##### RECORDS FOR THIS EXERCISE #####
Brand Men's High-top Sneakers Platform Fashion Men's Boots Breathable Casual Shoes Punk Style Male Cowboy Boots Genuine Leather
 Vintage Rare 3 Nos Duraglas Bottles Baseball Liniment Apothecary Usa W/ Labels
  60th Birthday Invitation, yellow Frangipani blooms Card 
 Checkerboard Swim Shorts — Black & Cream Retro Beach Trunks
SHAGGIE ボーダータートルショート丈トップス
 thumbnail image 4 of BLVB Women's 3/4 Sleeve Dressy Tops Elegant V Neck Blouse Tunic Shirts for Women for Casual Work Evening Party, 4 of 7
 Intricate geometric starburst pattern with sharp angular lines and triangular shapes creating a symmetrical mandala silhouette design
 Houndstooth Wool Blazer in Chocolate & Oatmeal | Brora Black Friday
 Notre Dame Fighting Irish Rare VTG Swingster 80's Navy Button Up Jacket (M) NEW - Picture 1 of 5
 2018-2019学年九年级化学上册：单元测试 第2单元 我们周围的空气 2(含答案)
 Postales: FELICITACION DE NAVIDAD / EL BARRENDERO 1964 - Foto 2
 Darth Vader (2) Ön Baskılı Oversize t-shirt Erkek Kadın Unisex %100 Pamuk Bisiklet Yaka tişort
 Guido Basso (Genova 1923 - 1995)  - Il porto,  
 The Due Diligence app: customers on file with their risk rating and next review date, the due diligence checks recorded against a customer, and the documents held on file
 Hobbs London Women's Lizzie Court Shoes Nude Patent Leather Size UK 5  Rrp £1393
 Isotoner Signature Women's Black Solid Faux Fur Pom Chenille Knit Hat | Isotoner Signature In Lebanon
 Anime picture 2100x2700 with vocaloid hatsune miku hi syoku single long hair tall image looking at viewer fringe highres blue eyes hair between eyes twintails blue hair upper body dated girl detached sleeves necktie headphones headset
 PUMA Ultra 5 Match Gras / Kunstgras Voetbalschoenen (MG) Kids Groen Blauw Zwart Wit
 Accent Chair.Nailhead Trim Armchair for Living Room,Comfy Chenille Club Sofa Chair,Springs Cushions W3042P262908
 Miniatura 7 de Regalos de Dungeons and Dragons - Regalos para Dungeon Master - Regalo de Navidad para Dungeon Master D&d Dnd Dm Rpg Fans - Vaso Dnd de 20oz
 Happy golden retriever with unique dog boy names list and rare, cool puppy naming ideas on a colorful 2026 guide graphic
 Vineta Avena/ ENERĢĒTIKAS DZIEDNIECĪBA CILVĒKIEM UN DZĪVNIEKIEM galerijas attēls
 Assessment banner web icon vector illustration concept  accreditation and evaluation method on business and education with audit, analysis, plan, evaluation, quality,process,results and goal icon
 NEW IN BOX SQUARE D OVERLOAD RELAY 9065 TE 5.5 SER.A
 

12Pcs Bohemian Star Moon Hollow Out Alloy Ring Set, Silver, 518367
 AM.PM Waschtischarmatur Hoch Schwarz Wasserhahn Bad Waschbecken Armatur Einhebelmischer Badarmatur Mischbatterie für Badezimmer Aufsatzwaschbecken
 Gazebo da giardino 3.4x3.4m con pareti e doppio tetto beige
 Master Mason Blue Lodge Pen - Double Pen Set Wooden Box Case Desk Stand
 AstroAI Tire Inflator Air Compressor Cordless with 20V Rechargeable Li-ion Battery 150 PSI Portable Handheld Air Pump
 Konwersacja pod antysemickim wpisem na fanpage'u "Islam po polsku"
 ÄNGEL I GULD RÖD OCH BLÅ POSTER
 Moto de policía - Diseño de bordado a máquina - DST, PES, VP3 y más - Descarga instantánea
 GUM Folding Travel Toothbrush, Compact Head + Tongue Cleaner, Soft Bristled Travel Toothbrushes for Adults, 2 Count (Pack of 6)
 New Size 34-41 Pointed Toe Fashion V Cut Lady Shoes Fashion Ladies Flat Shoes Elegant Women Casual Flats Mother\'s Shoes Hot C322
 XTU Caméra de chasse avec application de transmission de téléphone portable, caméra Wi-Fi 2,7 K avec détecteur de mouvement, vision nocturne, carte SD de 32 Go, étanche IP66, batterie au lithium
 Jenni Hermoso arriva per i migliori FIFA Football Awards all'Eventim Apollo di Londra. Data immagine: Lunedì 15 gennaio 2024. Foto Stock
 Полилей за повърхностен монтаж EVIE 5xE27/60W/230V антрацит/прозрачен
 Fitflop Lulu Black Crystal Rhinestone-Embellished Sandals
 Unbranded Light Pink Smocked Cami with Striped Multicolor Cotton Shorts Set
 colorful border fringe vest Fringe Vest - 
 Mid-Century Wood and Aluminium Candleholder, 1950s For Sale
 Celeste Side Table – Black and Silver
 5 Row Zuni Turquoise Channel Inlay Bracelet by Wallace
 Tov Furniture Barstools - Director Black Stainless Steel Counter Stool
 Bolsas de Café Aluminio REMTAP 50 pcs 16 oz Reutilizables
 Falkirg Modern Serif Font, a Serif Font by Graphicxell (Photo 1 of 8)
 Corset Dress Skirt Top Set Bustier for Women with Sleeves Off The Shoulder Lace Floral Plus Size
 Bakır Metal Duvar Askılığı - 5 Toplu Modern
#####
TASK DESCRIPTION: Copy from the line with "colorful border fringe" to the final line of the records, inclusive, and add nothing else.

YOUR RESPONSE:
 colorful border fringe vest Fringe Vest - 
 Mid-Century Wood and Aluminium Candleholder, 1950s For Sale
 Celeste Side Table – Black and Silver
 5 Row Zuni Turquoise Channel Inlay Bracelet by Wallace
 Tov Furniture Barstools - Director Black Stainless Steel Counter Stool
 Bolsas de Café Aluminio REMTAP 50 pcs 16 oz Reutilizables
 Falkirg Modern Serif Font, a Serif Font by Graphicxell (Photo 1 of 8)
 Corset Dress Skirt Top Set Bustier for Women with Sleeves Off The Shoulder Lace Floral Plus Size
 Bakır Metal Duvar Askılığı - 5 Toplu Modern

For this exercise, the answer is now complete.